We compare the resulting power for ANCOVA models that leverage prognostic covariate adjustment and ones that don’t. In usual cases of wanting to conduct sample size/power analyses prospectively, data of the new exposure is not available at the time of the analysis. What we can do is use historical data of the comparator group to estimate a variance and adjust this according to beliefs we might have about data from the novel group.
As described above, data is not available at the time of a
prospective power analysis. To showcase a common use case, we here
simulate historical data, which we use to estimate the variance of the
response adjusted by the coefficient of determination with the function
variance_ancova()
.
To compare power curves between a “standard” ANCOVA model and one using prognostic covariate adjustment, we simulate historical data, so we can fit a prognostic model to the training data and use the resulting model to predict prognostic scores in the test data.
# Generate some data
b0 <- 1
b1 <- 1.6
b2 <- 1.4
b3 <- 2
b4 <- 0.8
train <- glm_data(
Y ~ b0+b1*abs(sin(X1))+b2*X2+b3*X3+b4*X2*X3,
X1 = runif(n_train, min = -2, max = 2),
X2 = rnorm(n_train, mean = 2, sd = 2),
X3 = rbinom(n_train, 1, 0.5)
)
test <- glm_data(
Y ~ b0+b1*abs(sin(X1))+b2*X2+b3*X3+b4*X2*X3,
X1 = runif(n_test, min = -2, max = 2),
X2 = rnorm(n_test, mean = 2, sd = 2),
X3 = rbinom(n_test, 1, 0.5)
)
Using the training part of the historical data, we fit a prognostic
model using the fit_best_learner()
function.
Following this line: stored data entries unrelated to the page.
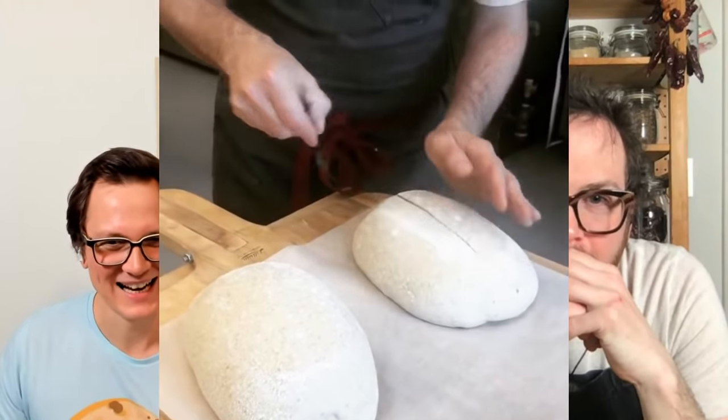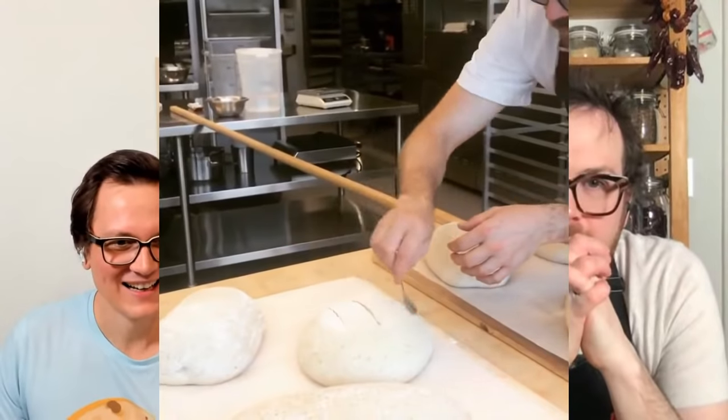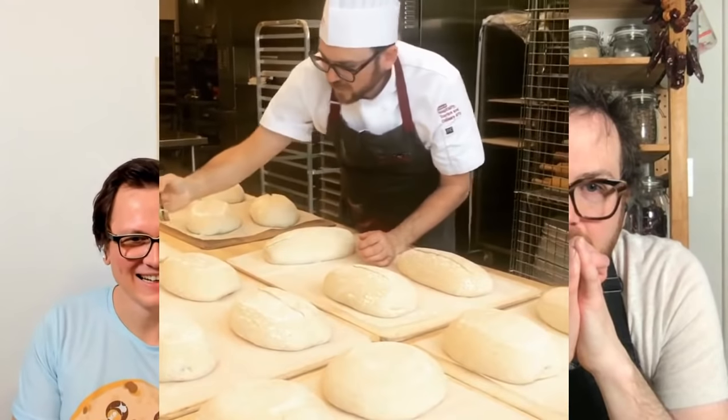I have another amazing video of you that I wanted to talk about — that's you scoring bread. I think this just shows how often you've already scored bread before, because that movement you have is just perfect. I noticed you're always scoring more or less in the center, and you're not scoring that deep as well.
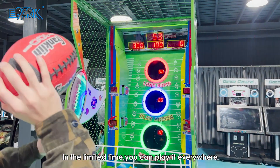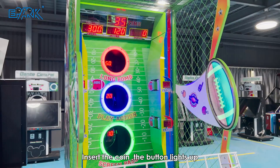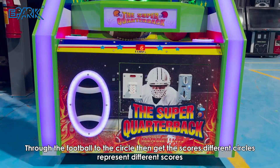You can play it everywhere, and the playtime can be set up. To play: insert the coin, the button lights up, then press the start button and the game begins. Throw the football through the circle to score.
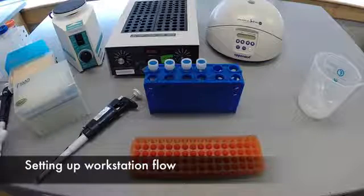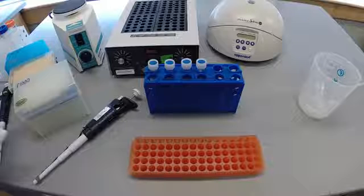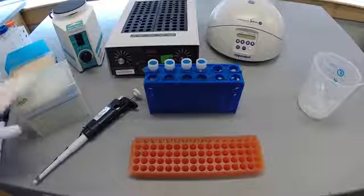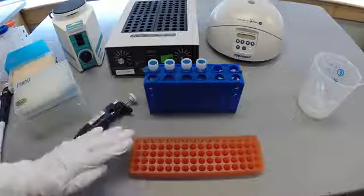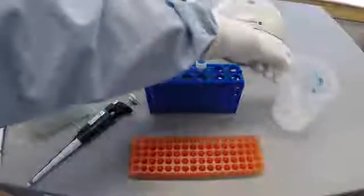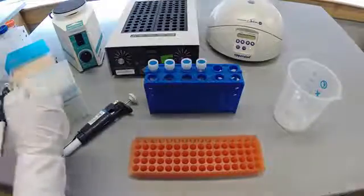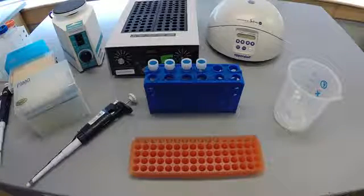Before beginning any protocol, you want to make sure that your workspace has a proper flow to avoid contamination of samples or reagents. This example is set up for a right-handed student. Tips and pipetters are on the left, racks and samples are in the middle, and the discard bucket is on the right. As your hand moves through the flow, it never unnecessarily crosses over the sample again.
This fits a
discrete super learner and returns it as a trained workflow, we can use
for prediction to construct our prognostic scores.
We use the function variance_ancova
to estimate the
entity \(\sigma^2(1-R^2)\) in case of a
“standard” ANCOVA model adjusting for covariates in data, and in case of
an ANCOVA utilising prognostic covariate adjustment by
adjusting for the prognostic score as a covariate.
In order to see how the estimated power behaves as a function of the
total sample size, we iterate the power_gs
function for a
number of different sample sizes and save the results using both the
estimated variance with and without prognostic covariate adjustment.
Note we here just use the
power_gs()
function, butpower_nc()
is also available and works exactly the same except it needs an additional mandatory argumentdf
with degrees of freedom for the t-distribution.
desired_power <- 0.9
n_from <- 10
n_to <- 250
iterate_power <- function(variance) {
power_ancova <- sapply(n_from:n_to, FUN = function(n) power_gs(
n = n,
variance = variance,
r = 1, ate = .8, margin = 0
)
)
data.frame(n = n_from:n_to, power = power_ancova)
}
data_power <- dplyr::bind_rows(
iterate_power(var_bound_ancova) %>%
dplyr::mutate(
n_desired = samplesize_gs(
variance = var_bound_ancova,
power = desired_power,
r = 1, ate = .8, margin = 0
),
model = "ancova",
model_label = "ANCOVA"
),
iterate_power(var_bound_prog) %>%
dplyr::mutate(
n_desired = samplesize_gs(
variance = var_bound_prog,
power = desired_power,
r = 1, ate = .8, margin = 0
),
model = "prog",
model_label = "ANCOVA with prognostic score")
)
We create a plot of the estimated power across values of sample sizes for the two different models, mark a desired power of 90% as a horizontal line and create vertical lines with labels that show the sample size needed to obtain 90% power with each model.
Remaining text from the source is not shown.